Using the data that follows, output only the lines from the line with "Kitchen - 342" up to and including the line with "2060 Greenview Shores", exactly, leaving pictures aside.

**Data for this task:**
******

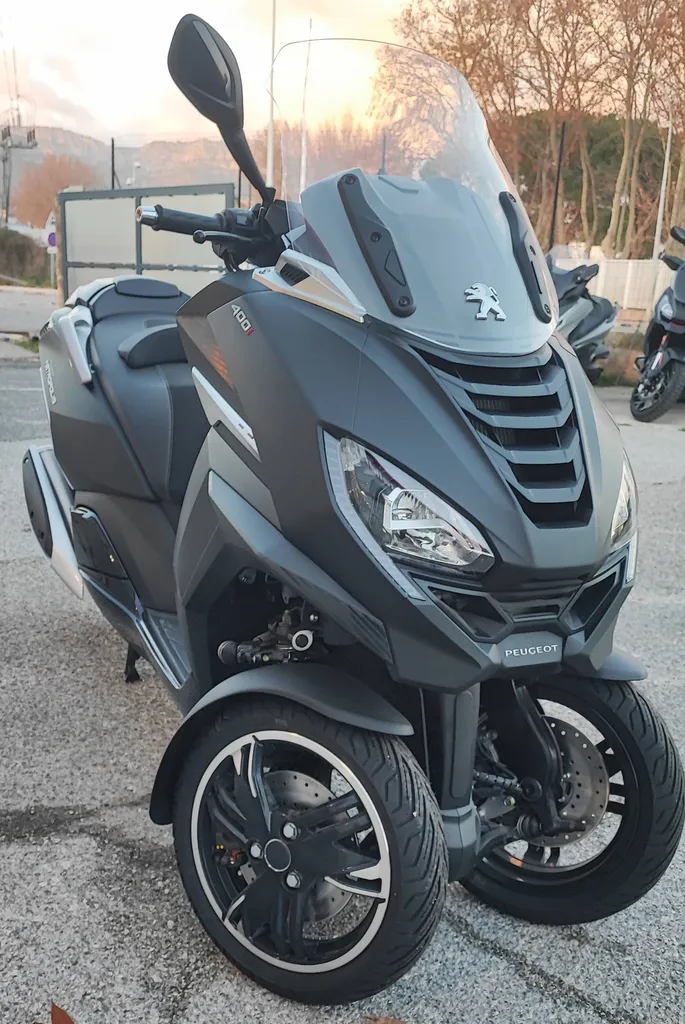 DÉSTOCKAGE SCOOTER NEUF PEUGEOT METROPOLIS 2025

******

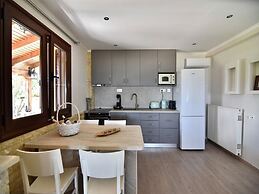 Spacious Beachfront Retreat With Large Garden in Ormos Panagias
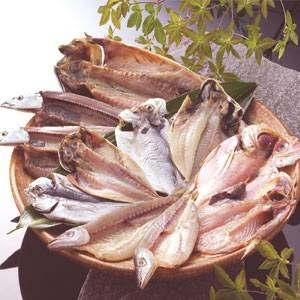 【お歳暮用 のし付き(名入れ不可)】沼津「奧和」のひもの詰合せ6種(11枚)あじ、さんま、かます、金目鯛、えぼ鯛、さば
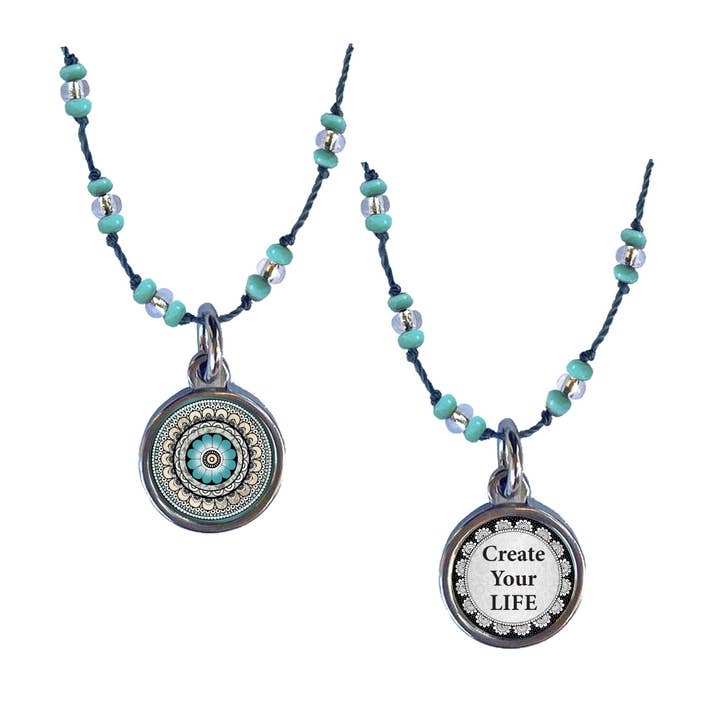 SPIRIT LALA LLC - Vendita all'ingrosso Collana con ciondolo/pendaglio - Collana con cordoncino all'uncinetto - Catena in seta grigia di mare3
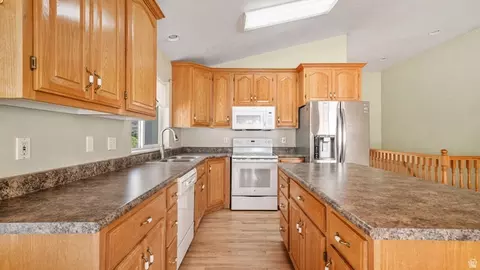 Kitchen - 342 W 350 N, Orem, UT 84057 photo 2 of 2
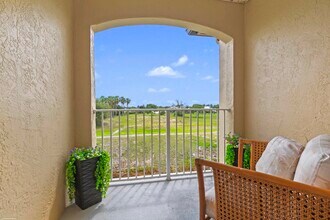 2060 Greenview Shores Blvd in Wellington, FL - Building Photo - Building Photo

******

**Worked solution:**
 Kitchen - 342 W 350 N, Orem, UT 84057 photo 2 of 2
 2060 Greenview Shores Blvd in Wellington, FL - Building Photo - Building Photo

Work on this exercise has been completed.